Hibah Dalam Hukum Adat Aceh
Wednesday, 17 September 2014
SUDUT HUKUM | Hibah merupakan pemberian hak atas sesuatu benda
miliknya sendiri kepada seseorang ahli waris atau bukan pada waktü sipemberi
masih hidup.
Di kabupaten Aceh Tengah hibah dikenal dengan istilah penosah, dan tentang dapat diberikan kepada siapa saja
dikenal dengan pepatah gemasih
papa setie mate (cinta kasih sampai mati).
Baik laki-laki maupun perempuan dapat bertindak selaku
pemberi hibah atau penerima hibah.
Bentuk barang yang dihibahkan dapat berupa apa saja, baik
yang bergerak mau pun tidak bergerak.
Biasanya jumlah harta yang dihibahkan tidak boleh melebihi
1/3 dari jumlah harta sipenghibah.
Di kabupaten Aceh Selatan (kecamatan Tapaktuan dan Samadua)
ada juga yang berpendapat bahwa jumlah harta yang dapat dihibahkan tidak
ada batasnya, karena itu adalah hak sipemilik harta dan dapat berbuat semaunya
akan hartanya itu. Maka siapapun tidak boleh mengganggu gugatnya akan haknya itu
sekalipun ahli warisnya, bahkan kalau ada ahli waris yang menggugat hal harta yang
sudah dihibahkan dianggap tercela.
Demikian pula di kabupaten Aceh Tengah hibah tidak dapat
diganggu gugat, yang dikenal dengan istilah madu ni edet (tidak dapat diganggu gugat). Penghibahan
dilakukan dengan suatu upacara adat yaitu khanduri (kenduri)

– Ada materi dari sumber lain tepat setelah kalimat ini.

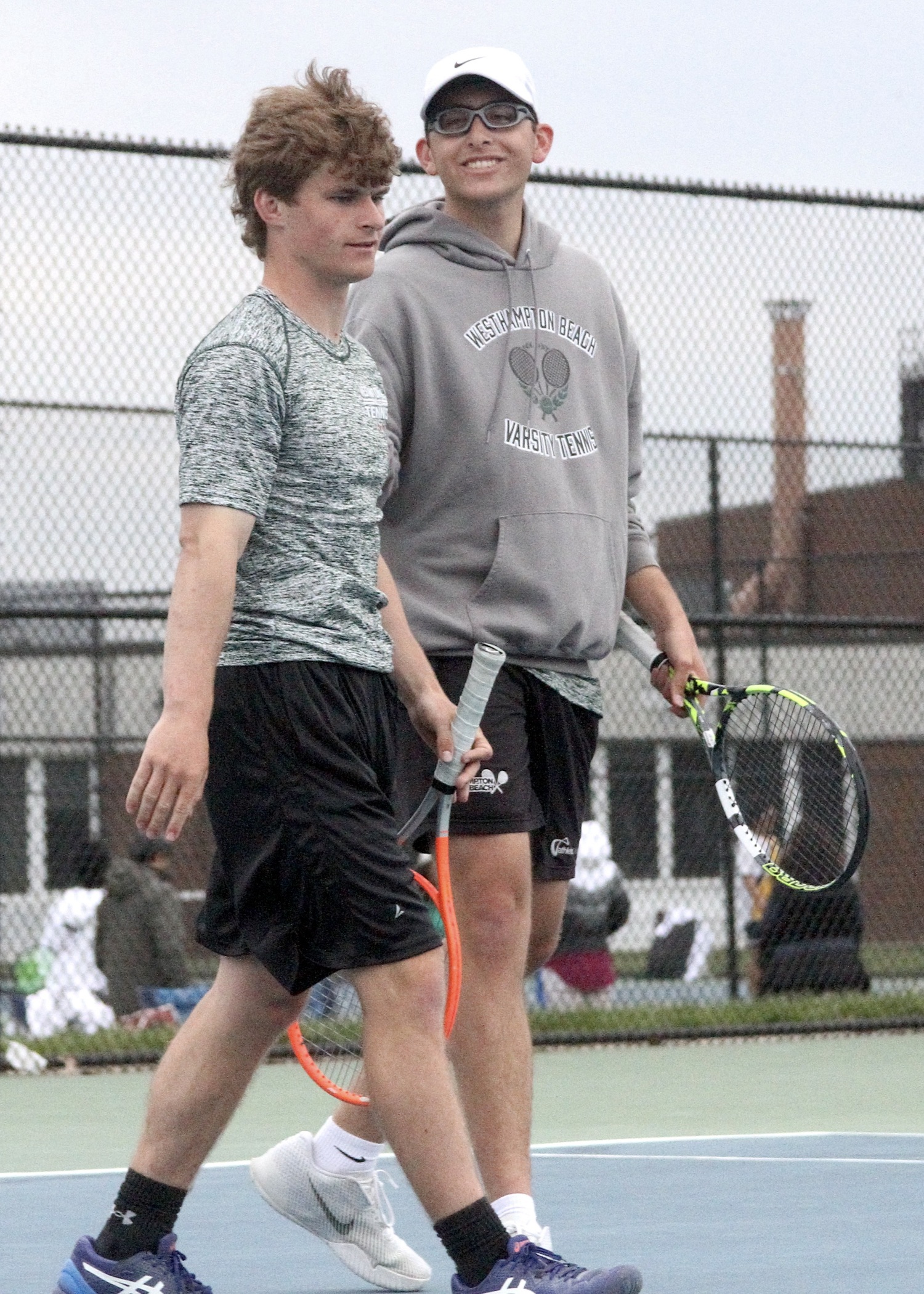 Senior Bobby Stabile and junior Giancarlo Volpe. DESIRÉE KEEGAN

dengan dihadiri oleh orang tua-tua kampung, geuchik, tuha peuet,
dan imeum meunasah sebagai saksi.
Di kabupaten Aceh Tengah penghibahan harus memenuhi
syarat-syarat:
- Ijab kabul (antara pemberi dan penerima hibah).
- Suket (wali).
- Saksi-saksi (sekurang-kurangnya dua orang).
- Bener (segala sesuatunya diatas istana).

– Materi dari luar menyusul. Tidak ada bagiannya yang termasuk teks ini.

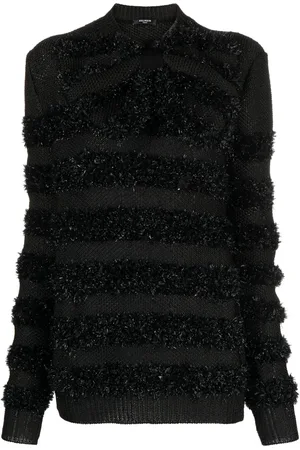 Balmain Metallic panelled jumper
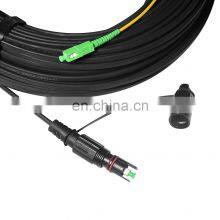 Outdoor Waterproof Pre Connectorized Optitap Drop Cable Hardened Optitap Fiber Connector With SST Drop Cable thumbnail-3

- Penei (ditanda-tangani bersama-sama seperti halnya pada jual beli).
Apabila salah satu syarat-syarat ini tidak ada, maka hibah
dapat dianggap tidak syah.
Pada umumnya' ketidak hadiran sipenerima hibah, tidak
menghalangi sahnya hibah tersebut. Di kabupaten Aceh Tengah hal ini tersimpul
dalam pepatah putih berbilang, kuning
bertimang, asal saja pada saat penghibahan
dihadiri oleh Sarak Opat (empat orang yang dituakan, terdiri dari:
- Reje = pemimpin kampung,
- Petue = pengurus masalah keamanan,
- Imam = pengurus masalah keagamaan,
- Sudare/Rakyat.
Pada akhir-akhir ini hibah telah dilakukan secara tertulis.

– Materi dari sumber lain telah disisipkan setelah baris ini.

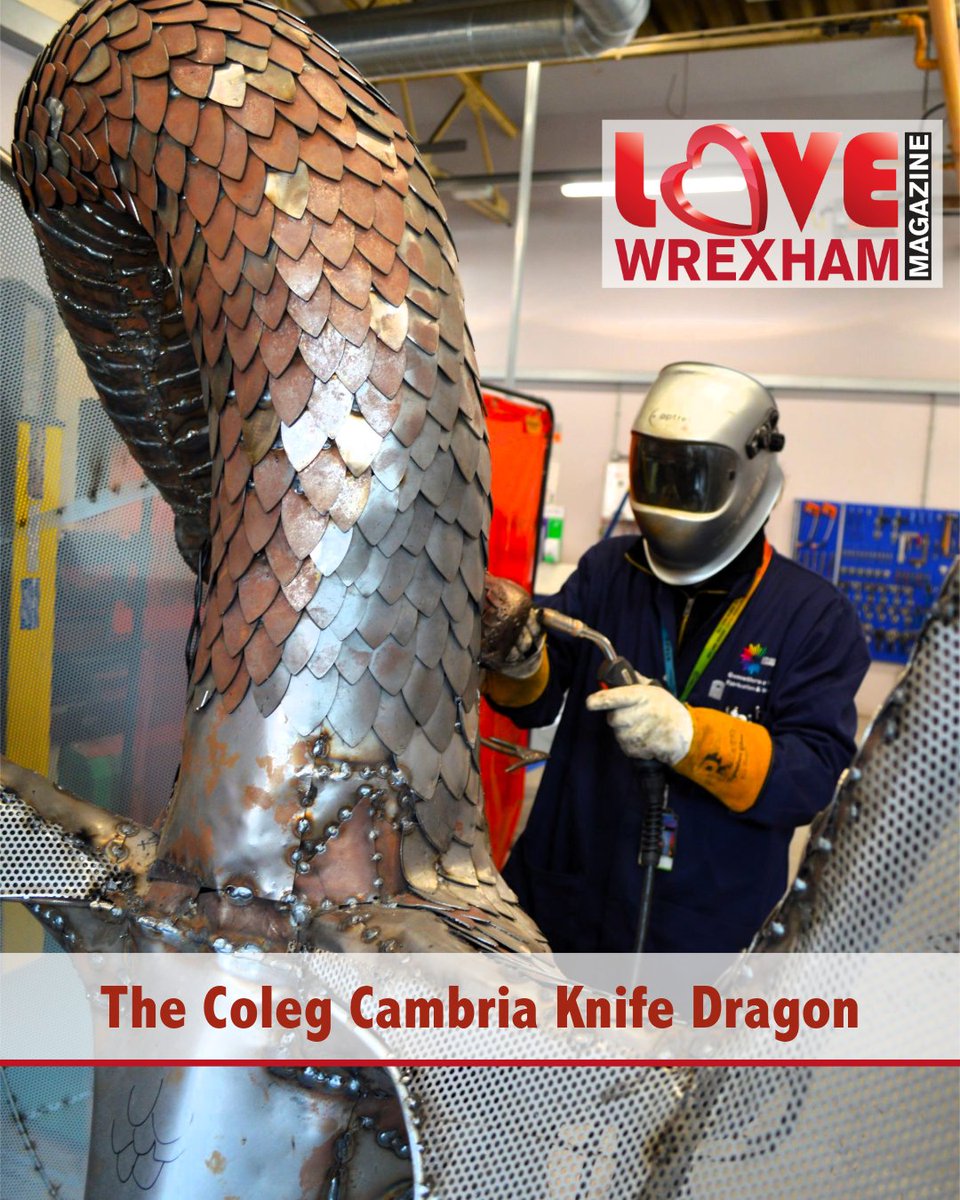 Read all about the four-metre Coleg Cambria Knife Dragon: love-wrexham.com/2025/07/22/col…

To advertise, visit love-wrexham.com/advertising/ra… 💻📱

#colegcambria #northwalessocial #nwaleshour #nw4b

Di kabupaten Aceh Besar dan Kabupaten Pidie, hibah kepada
anak kandung dapat ditarik kembali apabila anak tersebut durhaka.
Di kabupaten Aceh Selatan (kecamatan Tapaktuan dan Samadua)
harta yang dihibahkan tidak dapat ditarik kembali walaupun sipenerima hibah
durhaka terhada sipenghibah.
Demikian pula di kabupaten Aceh Tengah yang dikenal dengan
istilah : mumang loahhe (memakan muntahnya = harta yang telah dihibahkannya dimintanya kembali).
Hibah bersyarat di kabupaten Aceh Tengah tidak dikenal, hal
ini tersimpul dalam pepatah "Pengonan
luni, bukan pengonan ni wau " (merupakan
hak tertentu tidak dicampur baurkan).
Di kabupaten Aceh Besar, pemberian hibah yang secara khusus ditujukan kepada seseorang dengan suatu kewajiban tidak pernah ada. Tapi hibah dengan kewajiban yang ditunjuk secara umum misalnya : "harta ini saya hibahkan kepada siapa di antara anak saya yang telah mengurusi saya kalau saya sudah tua atau meninggal", pernah dilakukan.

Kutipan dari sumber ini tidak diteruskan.